API

API

Types defined in the package

DensePredChol{T}

A LinPred type with a dense Cholesky factorization of X'X

Members

  • X: model matrix of size n × p with n ≥ p. Should be full column rank.
  • beta0: base coefficient vector of length p
  • delbeta: increment to coefficient vector, also of length p
  • scratchbeta: scratch vector of length p, used in linpred! method
  • chol: a Cholesky object created from X'X, possibly using row weights.
  • scratchm1: scratch Matrix{T} of the same size as X
  • scratchm2: scratch Matrix{T} os the same size as X'X
source
GLM.DensePredQRType.
DensePredQR

A LinPred type with a dense, unpivoted QR decomposition of X

Members

  • X: Model matrix of size n × p with n ≥ p. Should be full column rank.
  • beta0: base coefficient vector of length p
  • delbeta: increment to coefficient vector, also of length p
  • scratchbeta: scratch vector of length p, used in linpred! method
  • qr: a QRCompactWY object created from X, with optional row weights.
source
GLM.GlmRespType.
GlmResp

The response vector and various derived vectors in a generalized linear model.

source
GLM.LinearModelType.
LinearModel

A combination of a LmResp and a LinPred

Members

  • rr: a LmResp object
  • pp: a LinPred object
source
GLM.LmRespType.
LmResp

Encapsulates the response for a linear model

Members

  • mu: current value of the mean response vector or fitted value
  • offset: optional offset added to the linear predictor to form mu
  • wts: optional vector of prior weights
  • y: observed response vector

Either or both offset and wts may be of length 0

source
GLM.LinPredType.
LinPred

Abstract type representing a linear predictor

source
GLM.ModRespType.
ModResp

Abstract type representing a model response vector

source

Constructors for models

The most general approach to fitting a model is with the fit function, as in

julia> using Random;

julia> fit(LinearModel, hcat(ones(10), 1:10), randn(MersenneTwister(12321), 10))
LinearModel{LmResp{Array{Float64,1}},DensePredChol{Float64,LinearAlgebra.Cholesky{Float64,Array{Float64,2}}}}:

Coefficients:
      Estimate Std.Error  t value Pr(>|t|)
x1    0.717436  0.775175 0.925515   0.3818
x2   -0.152062  0.124931 -1.21717   0.2582

This model can also be fit as

julia> using Random;

julia> lm(hcat(ones(10), 1:10), randn(MersenneTwister(12321), 10))
LinearModel{LmResp{Array{Float64,1}},DensePredChol{Float64,LinearAlgebra.Cholesky{Float64,Array{Float64,2}}}}:

Coefficients:
      Estimate Std.Error  t value Pr(>|t|)
x1    0.717436  0.775175 0.925515   0.3818
x2   -0.152062  0.124931 -1.21717   0.2582

Model methods

GLM.cancancelFunction.
cancancel(r::GlmResp{V,D,L})

Returns true if dμ/dη for link L is the variance function for distribution D

When L is the canonical link for D the derivative of the inverse link is a multiple of the variance function for D. If they are the same a numerator and denominator term in the expression for the working weights will cancel.

source
GLM.delbeta!Function.
delbeta!(p::LinPred, r::Vector)

Evaluate and return p.delbeta the increment to the coefficient vector from residual r

source
StatsBase.devianceFunction.
deviance(obj::LinearModel)

For linear models, the deviance is equal to the residual sum of squares (RSS).

source
GLM.dispersionFunction.
dispersion(m::AbstractGLM, sqr::Bool=false)

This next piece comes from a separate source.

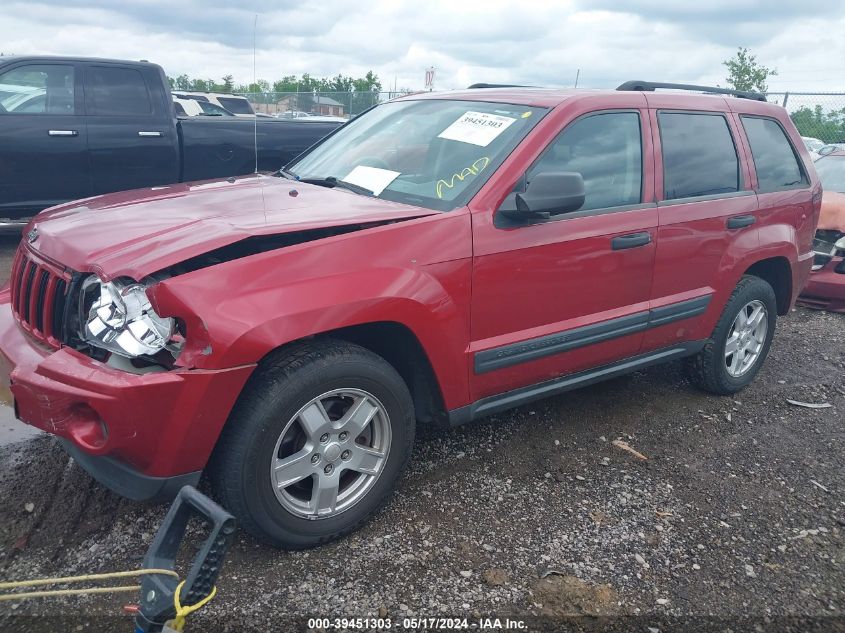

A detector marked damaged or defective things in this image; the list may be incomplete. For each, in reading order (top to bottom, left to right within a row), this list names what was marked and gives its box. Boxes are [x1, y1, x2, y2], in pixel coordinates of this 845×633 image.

Return the estimated dispersion (or scale) parameter for a model's distribution, generally written σ for linear models and ϕ for generalized linear models. It is, by definition, equal to 1 for the Bernoulli, Binomial, and Poisson families.

If sqr is true, the squared dispersion parameter is returned.

source
GLM.installbeta!Function.
installbeta!(p::LinPred, f::Real=1.0)

Install pbeta0 .+= f * p.delbeta and zero out p.delbeta. Return the updated p.beta0.

source
GLM.issubmodelFunction.

A helper function to determine if mod1 is nested in mod2

source
GLM.linpred!Function.
linpred!(out, p::LinPred, f::Real=1.0)

Overwrite out with the linear predictor from p with factor f

The effective coefficient vector, p.scratchbeta, is evaluated as p.beta0 .+ f * p.delbeta, and out is updated to p.X * p.scratchbeta

source
GLM.linpredFunction.
linpred(p::LinPred, f::Read=1.0)

Return the linear predictor p.X * (p.beta0 .+ f * p.delbeta)

source
GLM.lmFunction.
lm(X, y, allowrankdeficient::Bool=false)

An alias for fit(LinearModel, X, y, allowrankdeficient)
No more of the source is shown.